Your objective
Using the listing below, output only the lines from the one that contains "788 E 4th St 3, Boston MA 02127" through the one that contains "Adorable 2 Bedroom", inclusive, exactly as given and without images.

Dataset excerpts

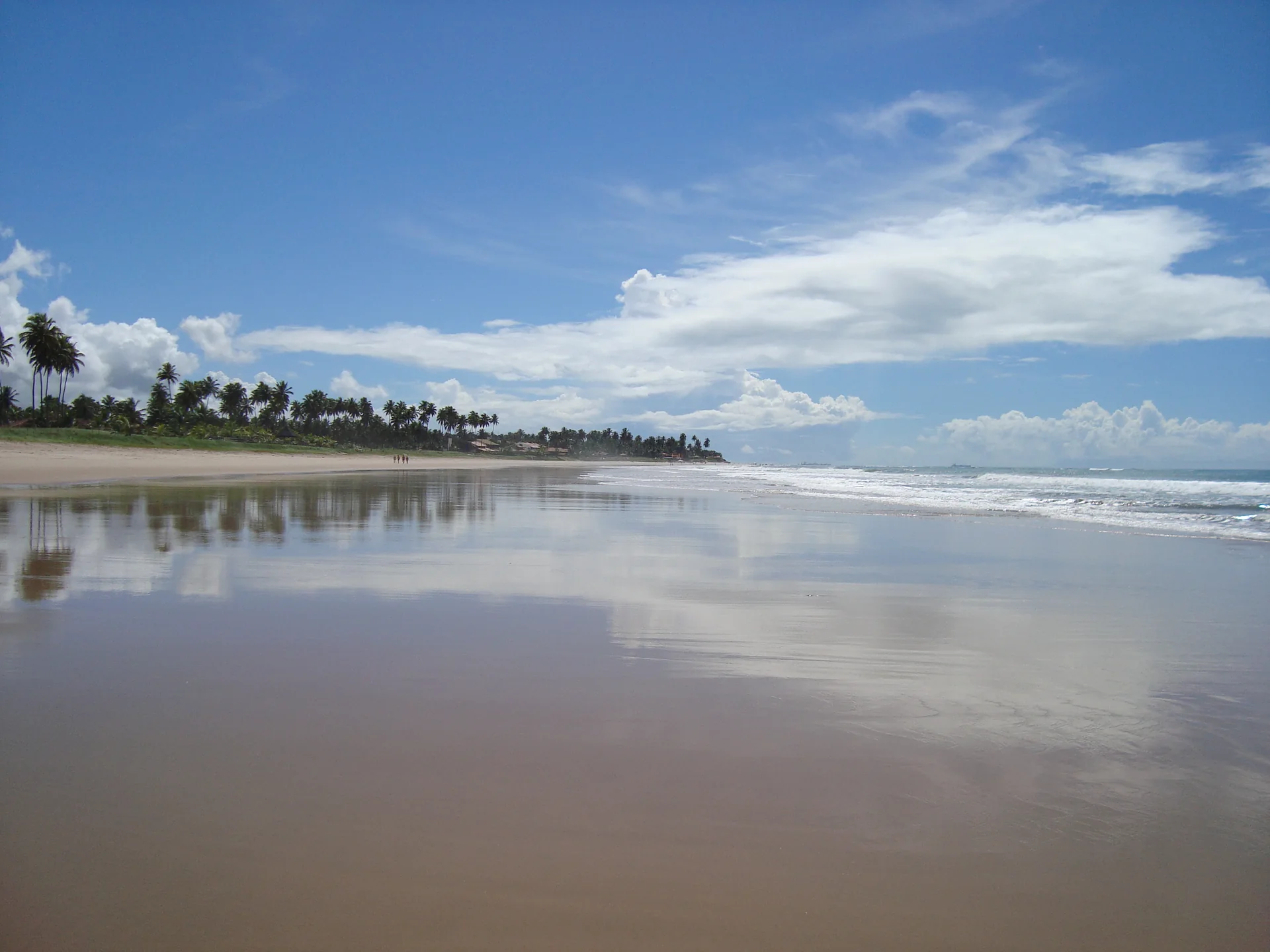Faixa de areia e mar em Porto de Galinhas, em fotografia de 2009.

--

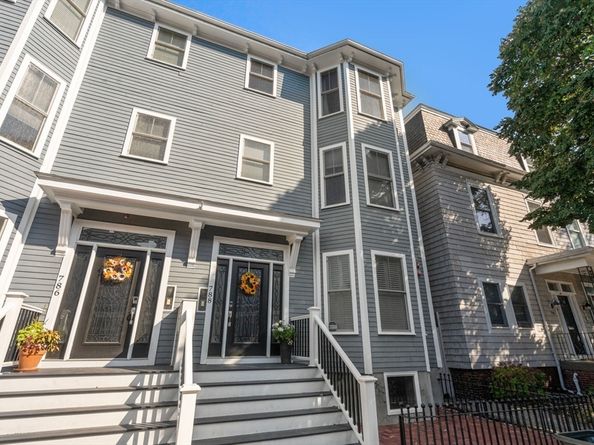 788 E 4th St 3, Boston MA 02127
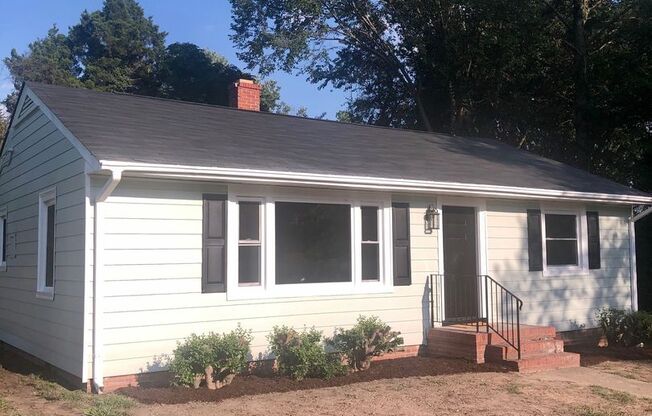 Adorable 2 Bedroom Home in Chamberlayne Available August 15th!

Output for this task
 788 E 4th St 3, Boston MA 02127
 Adorable 2 Bedroom Home in Chamberlayne Available August 15th!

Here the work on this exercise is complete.